Umberto Nobile: The Fall of a Fascist Explorer
In 1926 Umberto Nobile became a hero of Mussolini’s Italy when he piloted Roald Amundsen’s Norge over the North Pole. Two years later his reputation went down with his airship.

In the autumn of 1925 the Norwegian polar explorer Roald Amundsen, the man who had beaten Robert Falcon Scott in the ill-fated race to the South Pole in 1911, asked a young Italian aeronautical engineer to build him an airship that would fly to the North Pole. Italy's dictator Benito Mussolini enthusiastically backed the project as it would demonstrate Italy's technological prowess and show the growing power of his Fascist state. The expedition would turn the engineer, Umberto Nobile, into a national hero but it was a reputation that was not to last.
Amundsen owed much to the American Lincoln Ellsworth, whose millionaire father, a coal magnate, had financed his previous attempt to reach the North Pole by plane. Together they wanted to organise a new journey, this time by airship. Nobile had built one that needed only a few modifications and he promised to have it ready by early 1926.
Mussolini was willing to sell the semi-rigid airship to the Norwegians for a good price on condition that it would fly under the Italian flag. Amundsen refused this demand. However, Italy's willingness to sell the airship and its contribution to the project were such that Il Duce's request to include Nobile in the official expedition name was granted: the venture would be called 'The Amundsen-Ellsworth-Nobile Transpolar Flight'. The dirigible, whose original name was Nl after the engineer's initial, was named Norge (Norway).
As Nobile later wrote in his memoirs: 'Three big heads had to live under the same hat: Amundsen, Ellsworth, Nobile. None of them was easy, none was made for giving in.'
Amundsen feared the extent to which the whole team would have to rely on Nobile's skills and those of his men. He did not want his authority to be challenged by this cocksure young man in a uniform who was confident he could reach the North Pole, but did not even know how to ski. Amundsen wrote in his memoirs published in 1927:
This salaried airship commander on a Norwegian ship, which belongs to an American and myself, will not be allowed to seize any honour which is not rightly his ...
But none of Amundsen's men had the skills or know-how to skipper the airship - not even on the last leg of the trip from the northernmost Norwegian outpost, the Svalbard Islands, to Alaska.

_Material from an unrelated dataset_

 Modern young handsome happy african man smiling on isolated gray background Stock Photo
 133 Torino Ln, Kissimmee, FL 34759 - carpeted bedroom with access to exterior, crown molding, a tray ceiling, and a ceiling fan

Amundsen still considered the expedition to be 'his' but he had reckoned without public opinion and the reception that awaited them at the end of the epic flight. Both in Alaska, where the airship landed two days after crossing the Pole on May 14th, 1926, and later in Seattle, which the explorers reached after a long sea journey, people seemed to be more fascinated by the young and handsome Italian colonel than by the mature and stern-looking Norwegian, conqueror of both Poles.
In Seattle, a little girl on the pier mistakenly handed Nobile, on behalf of the municipality, the bunch of flowers that was intended for Amundsen. This might have been the last straw. The rivalry between the two men had already reached breaking point. For Amundsen, it was as if the whole adventure had been spoiled by the presence of the Italians. Those black gypsies should never have been allowed to join in,' one of his closest friends, the chemist Fritz Zapffe, wrote in a letter to him.
Back in Italy, Nobile was acclaimed as a hero. Mussolini appointed him general and sent him on a long, triumphal tour through the US, where he met thousands of Italian migrants. Wherever he went, he was met by cheering crowds.
But Nobile's moment of glory was short-lived. Two years later he became the chief protagonist in a tragic adventure that re-enacted the previous expedition, this time under his own command. On May 25th, 1928, his new airship, named Italia to leave no doubt as to which country would take credit for this new mission, crashed on the ice pack on its way back from the polar cap. Six men drifted away in what remained of the airship and would never be seen again. Another died as the vessel impacted with the ice.
The ensuing massive, international search for the survivors led to Amundsen's death, destroyed Nobile's reputation and would haunt him for the rest of his life.
There was an excruciating wait to be endured by the survivors, some of whom were injured, Nobile among them. Even though a Russian radio amateur picked up their SOS message on June 6th, it was not until June 18th that a plane from the support ship Citta di Milano located the red tent on the ice and dropped food, guns, boots and sleeping bags. Another five days would pass before Nobile was rescued by a Swedish pilot Einar Lundborg, who managed to land his Fokker plane on the ice.
Due to the dangerous conditions, and the fact that the Fokker could only carry one additional passenger, the rest of the crew remained stranded for a further 19 days. They were finally rescued by a Russian icebreaker, the Krassin, on July 12th.
The survivors' long period of isolation before Nobile's rescue had had another tragic consequence. Fearing they would never be found, three men decided to set off across the ice on foot to look for help. Nobile allowed them to leave. One of them was the Swedish meteorologist Finn Malmgren, who, according to the accounts of the other two, became too weak and ill to continue walking. Plagued by frostbite and exhaustion he reportedly asked his companions to dig a grave in the snow, take all the food and leave him to his destiny.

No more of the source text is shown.